I worked and what a day it was. I bet I would have taken it much lighter even considering I would have known it was my last day. Maybe even just considering the possibility. Perhaps the stress and even the exhaustion would have felt a little lighter. I guess I would have enjoyed the interactions with my coworkers more, inhaled the social contacts that I was given, appreciated it more.
I had a great talk with my neighbour. We talked about a lot of things. Her Saturday off, mine at work, a little gossip here, a little ranting there but overall it was a lighthearted conversation that didn’t drift too deep into hardships. It was nice. I hope for her as well.
And I spend some time on the internet. Youtube, Twitter and finally watching a new series.
The question that always comes to mind is:
What would I have done knowing it was the last day of my life?
And honestly, I don’t know. As creative as I think I am, I can’t seem to think of any profound or even profane answers to that questions. In my ideal self-picture I’d hope I would make the most of it. Play my guitar, talk to my best friend, trying to somehow (or at least hoping to) make every persons day perhaps a little brighter.
I guess I hope, that I would do something that I love, talk to people that I love.
- So, I think rather than going to work (even though I really do love my job) I’d grab my guitar, head out in the streets and make some music.
- I’d call my best friend of 23 years now, having on those ultra deep philosophical conversations with him.
- Well, I think in the evening I would spend the money I earned busking in a social place, perhaps having a beer or two.
- I’d cook one last meal, definitively a steak, within my asian style home made noodle dish, that I’m doing almost daily at the moment (but mostly with chicken, not with steak every day)
- And at last I think I’d meditate for a while, perhaps at some place in nature. I have a small river around 150m away from my flat. Taking in nature while calming myself, trying to experience this specifically one last time in an intense manner
Some time later…
I started this article a while ago, and it seems this break was quite helpful to get an idea of what I would do on my last day, if I’d know about it. But thinking about it and comparing my experiences over the last couple of weeks this is not as much of morbidity but rather an intuitive questioning about the intensity of experiencing life and circumstances.

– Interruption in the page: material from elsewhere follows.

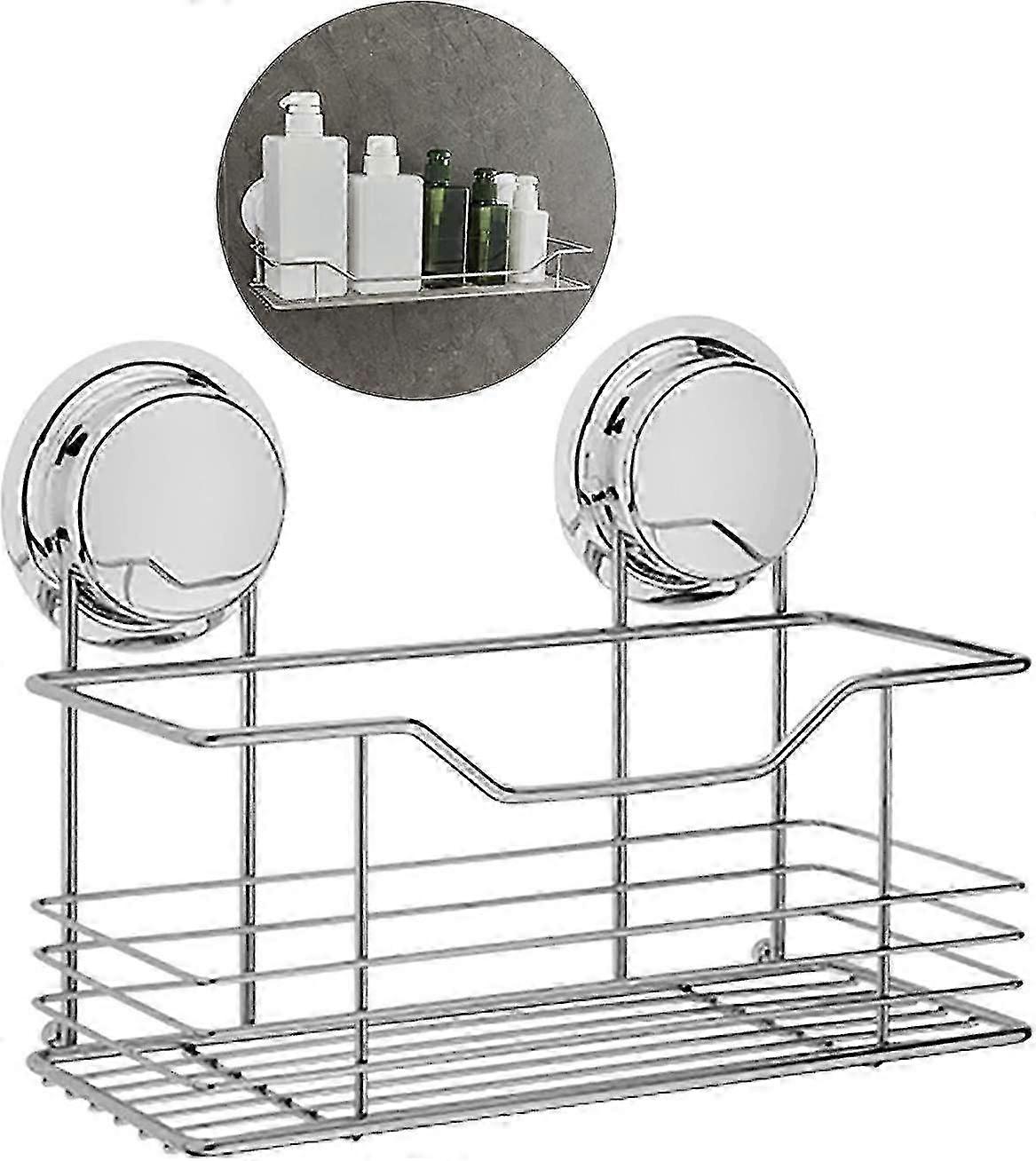 Kitchen Sink Sponge Holder with Removable Drain Tray, Soap Dispenser, Kitchen Storage Solution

Most of us, I’d assume, but definitely me, I’m rushing through life (even though I’m grateful that it doesn’t seem to slip through my fingers. Life is long and it feels like that). I eat, I work, I interact, I sleep. But little of it I do with an conscious attempt or a natural prevalence of really experiencing it.
When I eat, even though my food gets tastier in my attempts to create more of my foods for myself, I still rush the eating, if that makes any sense. Wouldn’t I want to taste every last bit of it in the most intense way possible? Wouldn’t I try to observe the journey of every bite, the changing textures, changing differences of intensity of used ingredients?
Well, at work I assume I’m quite intense actually. Work is my “social playground”, it’s where 99% of my social life happens and I’m almost hypnotised by my area of work. It’s challenging, it’s interesting only some days I think that I could have dealt with stress differently.
I think what I want to ask is: How much life are we actually experiencing? How much focus do we even place on it in a world filled with distractions. How much emphasis should we place on what we do, what we think and what we feel?
This isn’t an article about death! This is more of a thought-experiment how the knowledge it could end any second immediately seems to enhance the nature of basically any given experience in a manner of seconds. I think it’s because we don’t tend to think about the things we get used to take for granted any more. Maybe we could (or even should) try to remember sometimes how profound the smallest things in life can be, if we just try to experience them more consciously. And not just because it could be the last time we do!